There could not be more different teams than Portugal and Iceland at the European championships.

A well-established European soccer power, Portugal is relying heavily on the prowess of Real Madrid star striker Cristiano Ronaldo, who hopes to take advantage of the competition to show the world how good he is.

Iceland, on the other hand, qualified for the first time and has no star player in its squad apart from the aging ex-Barcelona and Chelsea striker Eidur Gudjohnsen. The tiny Nordic island's best player is Gylfi Sigurdsson, the Swansea creative midfielder whose work ethic, and shooting skills are not getting much attention outside of the Premier League.

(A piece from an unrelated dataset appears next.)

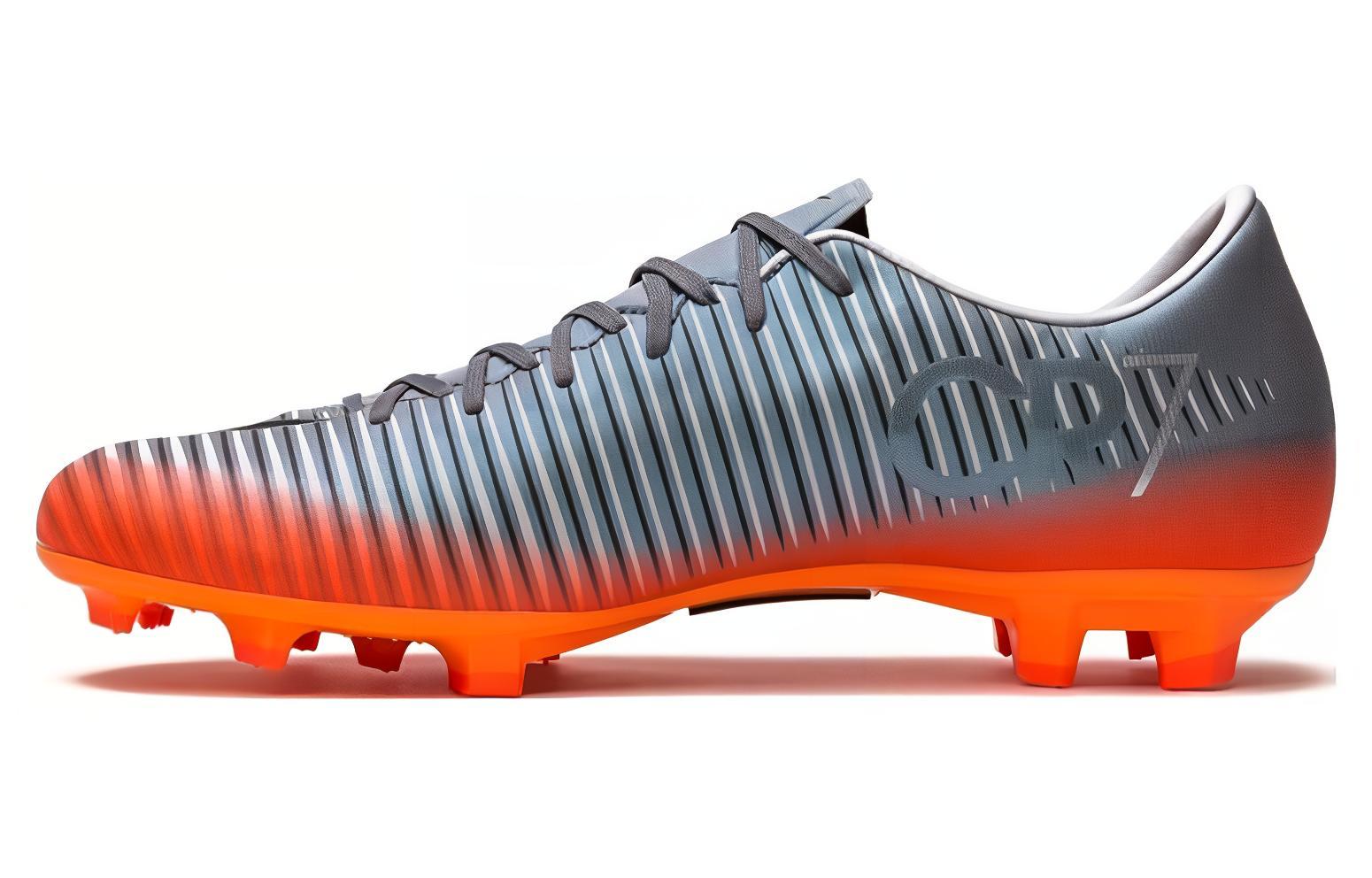 

Футбольные бутсы Mercurial Victory 6 CR7 FG 'Cool Grey Total Crimson' Nike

While team spirit is essential for Iceland, Ronaldo epitomizes the individualization of football. Following Real Madrid's latest Champions League triumph, he missed Portugal's friendly defeat to England at Wembley and only joined his teammates after taking some time off on a yacht with friends. The three-time world player of the year is as famous for his goals as he is for his perfect abs, and each of his public appearances makes headlines.

There is no such fuss surrounding the Iceland squad, which makes its debut in the tournament against its Group F rivals on Tuesday in Saint-Etienne.

"We've got good players who can score goals and create goals but I think our great strength is how good we are defensively and how hard we work for each other," Sigurdsson said in a TV documentary about the Iceland team's recent success.

With such a mindset, Iceland defied the odds in qualifying to become the smallest nation to reach a major final soccer tournament. With a population of 330,000, Iceland finished second in its group behind Czech Republic and above Turkey and the Netherlands, defeating the Dutch twice.

The team usually plays in a classic 4-4-2 formation in which every player works defensively to retrieve the ball quickly and launch counterattacks.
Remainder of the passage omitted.